Next week: Less meetings, just in time for me to complete a stack of work that has accumulated in the past few weeks.

Weeknotes #120 — Lean business case

Back to five days at work after luxuriating with Monday and Friday off the week before. It took its toll. I had so little time that I could call my own between all of the various scheduled meetings that it was difficult to make significant progress with anything. Frustratingly, my to-do list looked broadly unchanged at both ends of the week. In the evenings I found myself struggling to stay awake in front of the TV before the clock struck 9pm. My bike training programme on TrainerRoad has ramped up in both intensity and duration so I was up a little earlier than usual on most of the weekday mornings, and this will continue for the next few months.

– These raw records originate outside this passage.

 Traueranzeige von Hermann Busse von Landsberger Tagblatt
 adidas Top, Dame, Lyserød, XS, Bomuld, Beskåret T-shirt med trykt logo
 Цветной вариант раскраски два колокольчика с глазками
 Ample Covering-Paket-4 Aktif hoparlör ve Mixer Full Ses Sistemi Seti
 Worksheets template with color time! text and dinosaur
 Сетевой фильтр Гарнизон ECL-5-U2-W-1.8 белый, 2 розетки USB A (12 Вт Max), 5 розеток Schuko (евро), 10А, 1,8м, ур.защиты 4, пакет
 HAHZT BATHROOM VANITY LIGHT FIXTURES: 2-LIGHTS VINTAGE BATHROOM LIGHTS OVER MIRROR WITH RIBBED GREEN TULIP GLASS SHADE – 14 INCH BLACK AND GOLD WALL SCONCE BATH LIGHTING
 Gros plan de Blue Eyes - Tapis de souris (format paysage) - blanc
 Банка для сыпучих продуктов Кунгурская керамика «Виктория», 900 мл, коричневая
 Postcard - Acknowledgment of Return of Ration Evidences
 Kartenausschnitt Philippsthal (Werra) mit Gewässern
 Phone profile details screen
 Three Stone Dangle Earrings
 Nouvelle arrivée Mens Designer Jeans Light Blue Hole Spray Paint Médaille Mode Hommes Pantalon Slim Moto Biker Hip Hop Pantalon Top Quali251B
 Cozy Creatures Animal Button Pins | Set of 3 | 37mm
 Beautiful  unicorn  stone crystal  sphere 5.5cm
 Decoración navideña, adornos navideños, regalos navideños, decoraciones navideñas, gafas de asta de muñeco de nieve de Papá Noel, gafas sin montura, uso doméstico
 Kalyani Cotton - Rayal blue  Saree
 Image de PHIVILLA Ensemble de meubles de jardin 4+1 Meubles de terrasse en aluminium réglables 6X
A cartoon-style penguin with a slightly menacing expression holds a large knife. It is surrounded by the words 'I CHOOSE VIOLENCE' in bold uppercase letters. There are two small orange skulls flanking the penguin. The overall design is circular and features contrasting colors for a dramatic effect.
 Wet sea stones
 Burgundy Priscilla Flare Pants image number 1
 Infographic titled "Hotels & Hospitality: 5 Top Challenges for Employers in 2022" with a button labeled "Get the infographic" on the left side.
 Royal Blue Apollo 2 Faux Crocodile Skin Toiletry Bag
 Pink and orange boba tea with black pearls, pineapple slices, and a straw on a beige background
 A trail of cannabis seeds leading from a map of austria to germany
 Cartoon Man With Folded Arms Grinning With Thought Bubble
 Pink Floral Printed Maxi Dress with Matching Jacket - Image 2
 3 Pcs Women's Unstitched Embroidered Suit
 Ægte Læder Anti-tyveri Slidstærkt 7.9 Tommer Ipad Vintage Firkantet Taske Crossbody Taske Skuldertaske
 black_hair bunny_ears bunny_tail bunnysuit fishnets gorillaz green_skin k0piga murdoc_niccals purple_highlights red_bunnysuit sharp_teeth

This was a week in which I:

  • Worked through a monitoring system issue with our Compliance Officer in New York and agreed to follow up with the vendor.
  • Reviewed a draft ‘lean business case’ for a proposed piece of work in our team. Templates only prove themselves when you come to use them in anger. It has been interesting to try and get our heads around the hypothesis for the entire initiative, which could be months or years of effort, versus getting to the ‘minimum viable product’ which is unlikely to have much of a short-term payoff. I haven’t seen many examples of lean business cases, let alone good ones.
  • Met with our Head of Operational Risk to ensure we were aligned ahead of the next regional governance meeting.
  • Promoted the concept of Kanban work-in-progress limits to our sub-teams. There seems to be a good understanding of why this is a good idea and it will be interesting to see it implemented in the coming weeks.
  • Made contact with a couple of our vendors to discuss a Microsoft consultant vacancy in our team.
  • Created the first ‘random coffees’ pairings for one of our global business teams. They have decided to try it out for their own group, beyond the region-wide setup I’ve been running for the past year.
  • Had my own random coffees — one with a member of my team and another with our Head of Risk. My pairing spreadsheet told me that it had been 50 weeks since the Head of Risk and I last got together for a chat. It’s gone so fast.
  • Joined an online live event to get an update from our division’s Chief Executive.
  • Attended an architecture overview session on our firm’s plans for data management. I ran a project to build a data warehouse from scratch back in 2004–5 and it was interesting to hear some of the terms from that era again, alongside many new ones.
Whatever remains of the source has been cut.